3HR Legal Ltd provides services to companies and senior executives either on a fixed cost or hourly basis. They include employment tribunals, discrimination claims, TUPE proceedings, redundancy, contracts, dismissal claims, bullying and whistle-blowing.

Chief executive Terence Bennett said the other trading operation within the PLC is 3HR Financial Consulting Ltd.

It helps arrange and administer benefit plans for British staff of foreign-owned companies by setting up pensions schemes, medical insurance and providing advice on what will assist with the recruitment, motivation and retention of staff.”

Both trading operations started up five years ago and Mr Bennett said it has seemed “strange” that the lawyers within the organisation had not been able to call themselves solicitors or advertise the services they provide.

He said: “Having the conventional legal framework means we can more readily operate as a law firm, offering career opportunities, attracting future trainees and in the longer term being a place where people want to come to.

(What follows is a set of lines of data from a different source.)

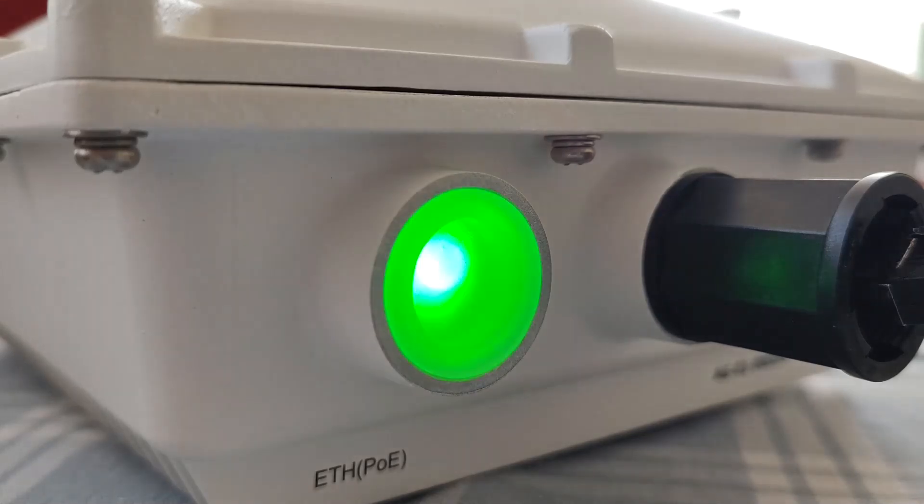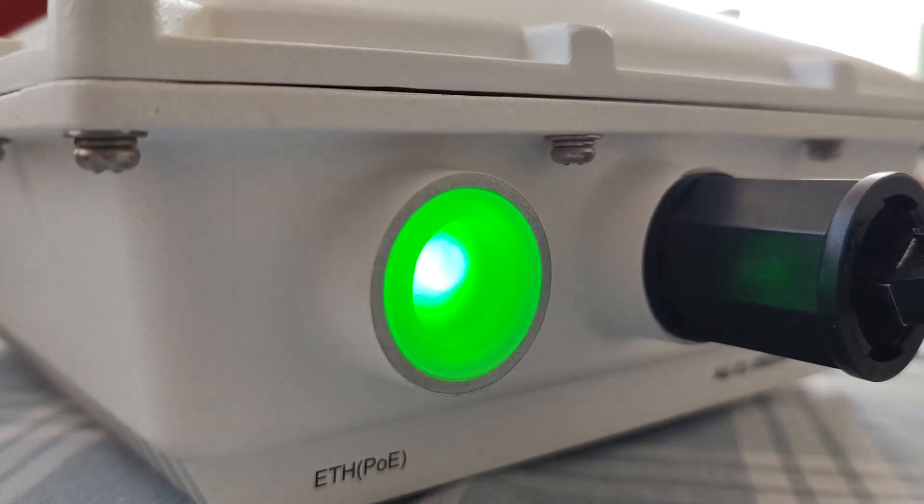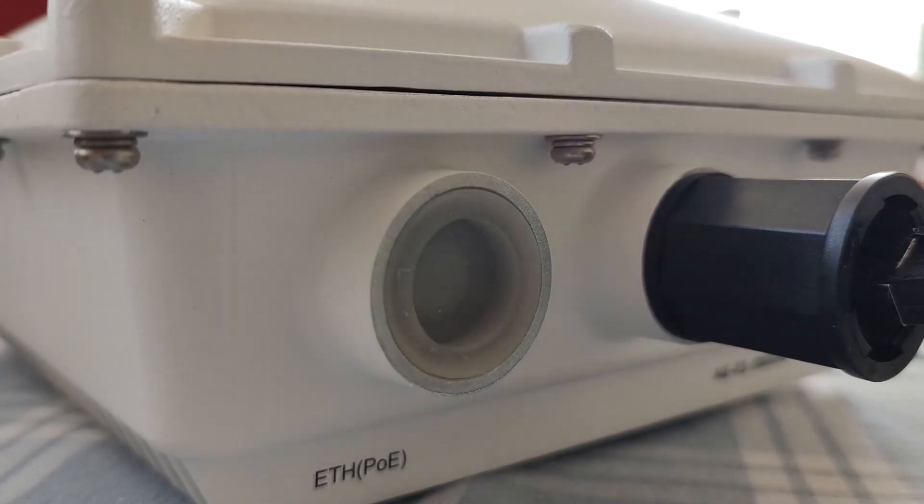The flashing green light will indicate that the receiver is searching for an internet connection. When it's established, the light will change to flashing blue. Now internet is ready, but GPS is still not fixed.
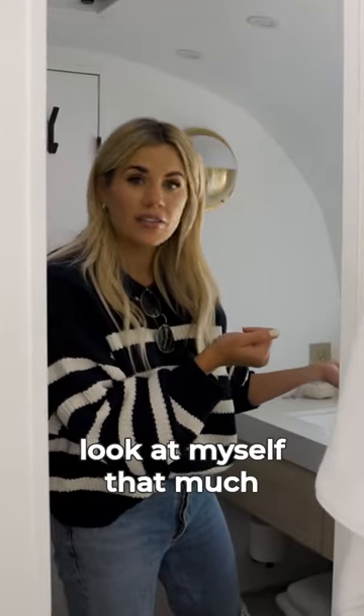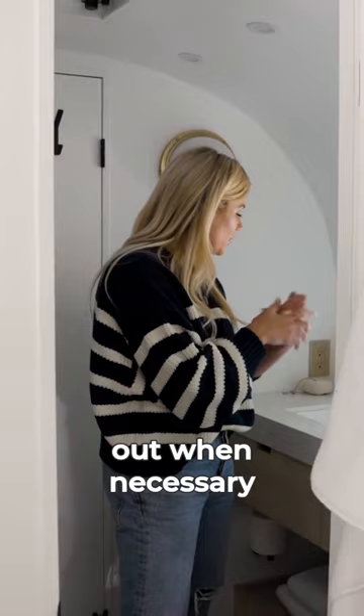To be honest, I don't really want to look at myself that much when we're camping, so it's kind of nice to not have a mirror and only get it out when necessary.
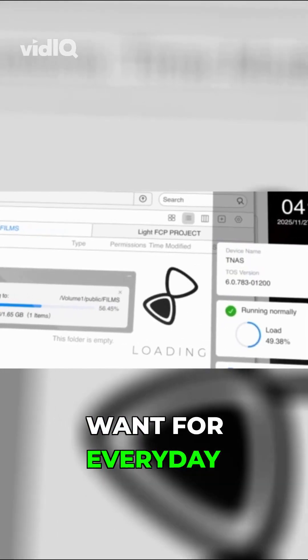TOS6 brings BTRFS and point-in-time snapshots, which is exactly what you want for everyday protection.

“We have a higher percentage of qualified lawyers than any City firm and simply want clarity so that our legal team can concentrate on being solicitors. ABS felt like the most appropriate way to achieve that.”

Mr Bennett said there are no plans just yet to exploit the new structure to bring in any external funding, adding the company is “catching its breath” and ensuring “everything is running the way we want it”.

He said that focusing on employment and law for foreign clients setting up in the UK is “the right space at the right time” and by “concentrating on what we know we do well”, the firm is financially confident enough to take the step to an ABS.